O mundo deveria ser das coisas simples. De banhos de mar ou de gotas de chuva, que nos acordam o rosto, em dias cinzentos. De beijos roubados após gestos consentidos e de gargalhadas, daquelas fortes, que às vezes nos fazem doer a barriga.
Neste mundo simples, cabem também as coisas que, por vezes, chamamos de supérfluas. O conforto de pés quentinhos num sofá novo e extra macio. A visão da despensa cheia, enquanto o refogado nos invade a cozinha. O cheiro do perfume que inebria sentidos e nos relembra identidades, tal como aquela música que subitamente escutamos e nos relembra de um eu esquecido, em indeterminado tempo.

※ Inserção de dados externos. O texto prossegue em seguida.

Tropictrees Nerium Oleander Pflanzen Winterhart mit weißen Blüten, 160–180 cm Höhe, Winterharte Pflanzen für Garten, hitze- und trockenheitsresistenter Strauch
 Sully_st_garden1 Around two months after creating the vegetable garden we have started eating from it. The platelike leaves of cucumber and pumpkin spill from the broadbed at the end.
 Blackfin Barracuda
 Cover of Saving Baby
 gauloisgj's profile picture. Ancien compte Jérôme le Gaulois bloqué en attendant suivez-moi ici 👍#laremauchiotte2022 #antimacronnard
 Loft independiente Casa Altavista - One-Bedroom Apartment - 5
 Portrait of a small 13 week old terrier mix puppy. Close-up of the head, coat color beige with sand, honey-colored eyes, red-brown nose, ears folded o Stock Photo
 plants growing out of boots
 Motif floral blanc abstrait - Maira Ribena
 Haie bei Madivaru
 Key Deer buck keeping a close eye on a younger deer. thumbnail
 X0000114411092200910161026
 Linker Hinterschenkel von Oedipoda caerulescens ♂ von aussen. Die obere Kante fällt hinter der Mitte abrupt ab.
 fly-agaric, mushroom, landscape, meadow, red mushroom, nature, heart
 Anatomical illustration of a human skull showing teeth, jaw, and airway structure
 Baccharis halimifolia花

Somos nós que somos das coisas ou são as coisas que nos ajudam a sermos melhores? Temos, só por ter e para mostrar aos outros que somos grandes ou somos grandes, porque o que temos nos faz experimentar e ajudar no que viemos, por aqui, ser?
É dado garantido que, muitas vezes, compramos estilos de vida em formato de produto. Que comparamos datas de carros recém-adquiridos na conclusão de que somos melhores porque o que é meu é mais recente que o teu. Existe também quem se envergonhe do que tem.
Na realidade, o que é que nos define? Somos porque temos? Damos valor e agradecemos? Seremos livres de escolher?
A liberdade inicia, acima de tudo, por se ser. Ser só pode manifestar-se através da nossa verdade e em essência. Que criará também as nossas necessidades reais. De nos expressarmos, sentirmos, vivermos. De experimentar uma realidade.
Na noção da verdade que somos, já não existe a necessidade de impressionar os outros. Queremo-nos impressionar. Com a certeza de que também o merecemos. Aquele banho quentinho. A lareira acesa, numa noite fria, enquanto se lê um bom livro.
As coisas supérfluas só o são se não lhes dermos valor. Se acharmos que somos mais só porque as temos. De não percebermos que todos, mesmo todos, temos direito a ter. De ser. Infelizmente, nem sempre é assim. Mas esse seria tema para outro artigo (muitos artigos).
O mundo deveria ser das coisas simples. De barrigas cheias. De olhos a resplandecer saúde. De noites bem dormidas em camas quentinhas. De sorrisos largos porque o amor é distribuído lá por casa. Da simplicidade que cada um chama para si e que dá combustível para se viver e partilhar experiências com os outros.
Nós somos o mundo. No mundo, o equilíbrio entre se ter e ser, nunca foi coisa simples.